Через много лет бывшая соседка Ирина, благополучная женщина, смутно помнившая историю Броньки, встретив ее, услышит историю, которую критики назвали песней торжествующей любви. Юная Бронька влюбилась в своего старого соседа по коммуналке. Бронька рассказывала Ирине о том, как приходила к нему за помощью по математике, о том, как он показывал ей свои фотографии, рассказывал о своих родственниках. Она поняла, что любит этого человека, ей нравилась та ненастоящая жизнь, которой жил Виктор Петрович, – жизнь без хамства и лжи, без мещанства и корыстолюбия. Разница в возрасте между ними Броньку совсем не интересовала. И Бронька решилась на поступок, который тогда – в 1950-е г.г. – был абсолютно несовместим с правилами жизни. Однажды ночью, когда мать уже спала, Бронька пошла к фотографу, и как говорит она сама: «И я победила, Ирочка. Не без труда. Отдать ему надо должное – он сопротивлялся». Бронька про это никому не рассказывала, потому что боялась, что посадят его за растление несовершеннолетних, она берегла его!
Никто так ничего и не понял, хотя Бронька с детьми у него много времени проводила. Когда она выходила с детьми на прогулку, он всегда садился в кресло и смотрел на них через занавеску. Когда Виктор Павлович умирал, то поблагодарил Броньку за всё и отошёл... Бронька устроилась работать в булочную уборщицей, и кроме зарплаты ей давали хлеба, сколько унесёт. Этим питались её дети, они росли крепкими, рослыми – один в одного. Вскоре они получили трёхкомнатную квартиру возле Савеловского вокзала, куда все вшестером и переехали...
Финал рассказа неправдоподобно-счастливый, сентиментальный, каких почти нет у Т.Толстой и Л. Петрушевской. Но он имеет право на существование. Дети Броньки выросли хорошими, умными, интеллигентными людьми и благополучно эмигрировали в Америку. Сама Бронька торгует билетами в «будочке», зато одета в «настоящую импортную» замшевую куртку. (Отметим, характерное для «женской прозы» классическое внимание к детали).

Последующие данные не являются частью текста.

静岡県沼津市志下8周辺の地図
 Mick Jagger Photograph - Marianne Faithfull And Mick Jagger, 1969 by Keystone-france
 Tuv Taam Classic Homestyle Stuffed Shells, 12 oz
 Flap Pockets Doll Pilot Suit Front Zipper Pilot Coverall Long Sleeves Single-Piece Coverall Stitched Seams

Итак, в то время, как одни строят планы на будущее, пытаясь как-то обустроить свою жизнь, говорит Улицкая, другие просто любят друг друга, живя одним днём и полностью отдаваясь своей страсти, как это видно на примерах Броньки и Ирочки. Бронька познала тайну греха, прошла через унижения, но была счастлива тому, что её любили, что у неё были дети. Ирина же прожила абсолютно правильную жизнь - всё как у всех, но почему-то уходя от Броньки, она понимает, что что-то в своей жизни она пропустила, у нее не было того всеохватывающего чувства, которое пережила Бронька. А в рассказе «Счастливые», как и в «Броньке», Улицкая пишет о том, как преображается женщина, получая ребёнка, и как легко это счастье разрушить.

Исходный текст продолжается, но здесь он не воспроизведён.